Exercise requirements:
All lines after the one containing "O wielickiej soli", together with that line itself, should be written out exactly, down to the last line of the entries below.

Brief descriptive captions:
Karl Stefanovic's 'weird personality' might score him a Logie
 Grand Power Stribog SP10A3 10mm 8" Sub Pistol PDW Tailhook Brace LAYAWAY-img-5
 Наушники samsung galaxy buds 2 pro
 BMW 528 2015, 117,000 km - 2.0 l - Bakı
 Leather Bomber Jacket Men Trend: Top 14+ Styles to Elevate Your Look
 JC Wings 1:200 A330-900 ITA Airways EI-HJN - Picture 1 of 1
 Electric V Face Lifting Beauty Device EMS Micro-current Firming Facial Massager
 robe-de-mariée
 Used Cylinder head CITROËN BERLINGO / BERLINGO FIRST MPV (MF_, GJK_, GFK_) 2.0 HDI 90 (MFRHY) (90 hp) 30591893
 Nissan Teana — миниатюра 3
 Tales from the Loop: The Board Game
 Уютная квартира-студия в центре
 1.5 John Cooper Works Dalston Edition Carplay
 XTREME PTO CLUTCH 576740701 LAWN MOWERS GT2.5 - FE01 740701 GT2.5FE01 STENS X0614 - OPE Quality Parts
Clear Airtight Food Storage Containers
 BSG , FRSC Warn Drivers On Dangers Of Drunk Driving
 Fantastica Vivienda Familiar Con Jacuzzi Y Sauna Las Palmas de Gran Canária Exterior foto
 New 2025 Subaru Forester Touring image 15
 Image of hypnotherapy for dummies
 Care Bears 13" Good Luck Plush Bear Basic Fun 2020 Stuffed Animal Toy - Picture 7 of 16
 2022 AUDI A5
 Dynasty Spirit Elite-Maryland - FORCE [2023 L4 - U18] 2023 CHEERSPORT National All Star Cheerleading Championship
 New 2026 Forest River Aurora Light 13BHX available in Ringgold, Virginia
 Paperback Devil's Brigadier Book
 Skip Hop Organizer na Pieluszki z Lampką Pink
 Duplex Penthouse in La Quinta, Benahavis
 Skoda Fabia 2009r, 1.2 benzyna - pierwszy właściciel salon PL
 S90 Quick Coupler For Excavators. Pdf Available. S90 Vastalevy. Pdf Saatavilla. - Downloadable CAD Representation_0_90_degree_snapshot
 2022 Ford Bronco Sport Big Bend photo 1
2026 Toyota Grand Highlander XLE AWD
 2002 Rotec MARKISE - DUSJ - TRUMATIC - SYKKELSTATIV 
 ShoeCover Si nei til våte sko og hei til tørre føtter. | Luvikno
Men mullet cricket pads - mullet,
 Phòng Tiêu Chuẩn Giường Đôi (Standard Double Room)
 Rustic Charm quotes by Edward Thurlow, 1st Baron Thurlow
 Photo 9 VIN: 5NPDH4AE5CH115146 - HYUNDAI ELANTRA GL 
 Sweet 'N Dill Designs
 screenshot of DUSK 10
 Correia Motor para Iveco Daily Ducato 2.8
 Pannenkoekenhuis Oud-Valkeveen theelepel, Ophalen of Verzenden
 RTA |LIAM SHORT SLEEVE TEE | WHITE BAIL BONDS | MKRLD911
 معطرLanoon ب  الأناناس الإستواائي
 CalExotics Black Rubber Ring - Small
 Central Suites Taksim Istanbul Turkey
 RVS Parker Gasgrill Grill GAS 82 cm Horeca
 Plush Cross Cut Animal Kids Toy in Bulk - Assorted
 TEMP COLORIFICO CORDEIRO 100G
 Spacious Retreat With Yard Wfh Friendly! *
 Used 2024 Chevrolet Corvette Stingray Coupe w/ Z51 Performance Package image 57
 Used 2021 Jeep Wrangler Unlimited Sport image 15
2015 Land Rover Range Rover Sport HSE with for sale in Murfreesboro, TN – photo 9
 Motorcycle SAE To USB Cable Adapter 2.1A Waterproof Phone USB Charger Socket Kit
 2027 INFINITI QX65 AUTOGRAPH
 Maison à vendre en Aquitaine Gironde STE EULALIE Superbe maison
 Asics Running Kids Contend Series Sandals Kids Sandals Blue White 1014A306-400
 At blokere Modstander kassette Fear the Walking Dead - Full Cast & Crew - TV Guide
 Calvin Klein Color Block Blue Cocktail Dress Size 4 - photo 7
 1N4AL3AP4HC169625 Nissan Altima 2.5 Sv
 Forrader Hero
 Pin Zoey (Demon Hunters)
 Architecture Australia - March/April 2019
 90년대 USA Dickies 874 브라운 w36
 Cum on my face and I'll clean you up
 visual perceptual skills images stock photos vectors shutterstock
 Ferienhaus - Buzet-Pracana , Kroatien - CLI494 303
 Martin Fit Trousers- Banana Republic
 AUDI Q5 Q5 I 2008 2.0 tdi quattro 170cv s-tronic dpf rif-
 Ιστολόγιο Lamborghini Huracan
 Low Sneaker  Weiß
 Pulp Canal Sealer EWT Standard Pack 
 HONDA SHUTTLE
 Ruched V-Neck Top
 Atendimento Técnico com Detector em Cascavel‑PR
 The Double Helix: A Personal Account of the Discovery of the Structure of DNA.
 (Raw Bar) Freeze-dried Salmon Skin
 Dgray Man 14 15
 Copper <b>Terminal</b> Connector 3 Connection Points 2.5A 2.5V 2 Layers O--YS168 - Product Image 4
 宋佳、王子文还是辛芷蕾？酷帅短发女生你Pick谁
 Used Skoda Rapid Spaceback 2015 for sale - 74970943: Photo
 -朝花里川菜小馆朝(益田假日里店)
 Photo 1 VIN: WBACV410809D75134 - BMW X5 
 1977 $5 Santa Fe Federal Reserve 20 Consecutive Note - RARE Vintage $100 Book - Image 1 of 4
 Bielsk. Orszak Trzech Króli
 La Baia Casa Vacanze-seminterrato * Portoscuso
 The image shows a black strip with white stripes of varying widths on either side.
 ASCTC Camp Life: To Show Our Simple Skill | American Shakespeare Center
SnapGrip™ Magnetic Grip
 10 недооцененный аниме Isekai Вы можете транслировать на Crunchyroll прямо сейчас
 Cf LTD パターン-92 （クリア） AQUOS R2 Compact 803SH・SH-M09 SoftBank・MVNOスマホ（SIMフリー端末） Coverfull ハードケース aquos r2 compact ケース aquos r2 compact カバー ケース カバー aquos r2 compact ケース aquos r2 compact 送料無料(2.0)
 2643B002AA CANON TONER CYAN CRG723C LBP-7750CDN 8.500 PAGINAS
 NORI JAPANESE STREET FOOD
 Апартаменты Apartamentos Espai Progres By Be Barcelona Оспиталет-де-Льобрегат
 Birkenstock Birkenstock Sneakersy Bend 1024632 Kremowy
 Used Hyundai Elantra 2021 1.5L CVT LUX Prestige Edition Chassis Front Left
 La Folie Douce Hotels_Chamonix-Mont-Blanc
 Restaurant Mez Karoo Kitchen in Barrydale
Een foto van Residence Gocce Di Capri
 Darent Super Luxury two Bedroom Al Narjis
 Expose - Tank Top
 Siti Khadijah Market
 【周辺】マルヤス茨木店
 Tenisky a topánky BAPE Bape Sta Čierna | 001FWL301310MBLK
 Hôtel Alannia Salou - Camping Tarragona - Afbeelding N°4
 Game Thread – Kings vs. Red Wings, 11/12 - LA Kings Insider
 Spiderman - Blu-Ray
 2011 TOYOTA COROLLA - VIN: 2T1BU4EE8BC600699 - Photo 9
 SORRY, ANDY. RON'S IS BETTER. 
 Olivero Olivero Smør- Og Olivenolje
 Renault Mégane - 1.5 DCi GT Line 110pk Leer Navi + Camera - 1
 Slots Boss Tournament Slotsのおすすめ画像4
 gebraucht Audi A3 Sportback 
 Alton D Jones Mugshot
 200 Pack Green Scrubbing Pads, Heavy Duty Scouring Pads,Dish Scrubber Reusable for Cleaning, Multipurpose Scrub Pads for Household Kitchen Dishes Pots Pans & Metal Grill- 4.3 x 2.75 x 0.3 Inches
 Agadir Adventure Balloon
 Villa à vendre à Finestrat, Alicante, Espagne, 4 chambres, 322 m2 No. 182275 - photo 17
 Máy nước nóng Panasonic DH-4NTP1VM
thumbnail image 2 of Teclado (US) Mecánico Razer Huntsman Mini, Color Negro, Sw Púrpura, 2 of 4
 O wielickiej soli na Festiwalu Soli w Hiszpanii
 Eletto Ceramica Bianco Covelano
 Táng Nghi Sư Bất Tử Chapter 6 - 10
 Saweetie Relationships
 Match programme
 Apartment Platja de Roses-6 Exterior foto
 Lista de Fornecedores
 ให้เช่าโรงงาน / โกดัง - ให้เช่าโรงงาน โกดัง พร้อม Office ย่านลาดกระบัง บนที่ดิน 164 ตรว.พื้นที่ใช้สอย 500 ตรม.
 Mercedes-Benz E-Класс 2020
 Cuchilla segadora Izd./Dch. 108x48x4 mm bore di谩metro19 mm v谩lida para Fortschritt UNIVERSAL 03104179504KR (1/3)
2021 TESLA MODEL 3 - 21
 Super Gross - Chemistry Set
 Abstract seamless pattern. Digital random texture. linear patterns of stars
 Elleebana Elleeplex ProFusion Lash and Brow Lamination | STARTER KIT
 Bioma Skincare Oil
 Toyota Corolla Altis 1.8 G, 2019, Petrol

Completed exercise:
 O wielickiej soli na Festiwalu Soli w Hiszpanii
 Eletto Ceramica Bianco Covelano
 Táng Nghi Sư Bất Tử Chapter 6 - 10
 Saweetie Relationships
 Match programme
 Apartment Platja de Roses-6 Exterior foto
 Lista de Fornecedores
 ให้เช่าโรงงาน / โกดัง - ให้เช่าโรงงาน โกดัง พร้อม Office ย่านลาดกระบัง บนที่ดิน 164 ตรว.พื้นที่ใช้สอย 500 ตรม.
 Mercedes-Benz E-Класс 2020
 Cuchilla segadora Izd./Dch. 108x48x4 mm bore di谩metro19 mm v谩lida para Fortschritt UNIVERSAL 03104179504KR (1/3)
2021 TESLA MODEL 3 - 21
 Super Gross - Chemistry Set
 Abstract seamless pattern. Digital random texture. linear patterns of stars
 Elleebana Elleeplex ProFusion Lash and Brow Lamination | STARTER KIT
 Bioma Skincare Oil
 Toyota Corolla Altis 1.8 G, 2019, Petrol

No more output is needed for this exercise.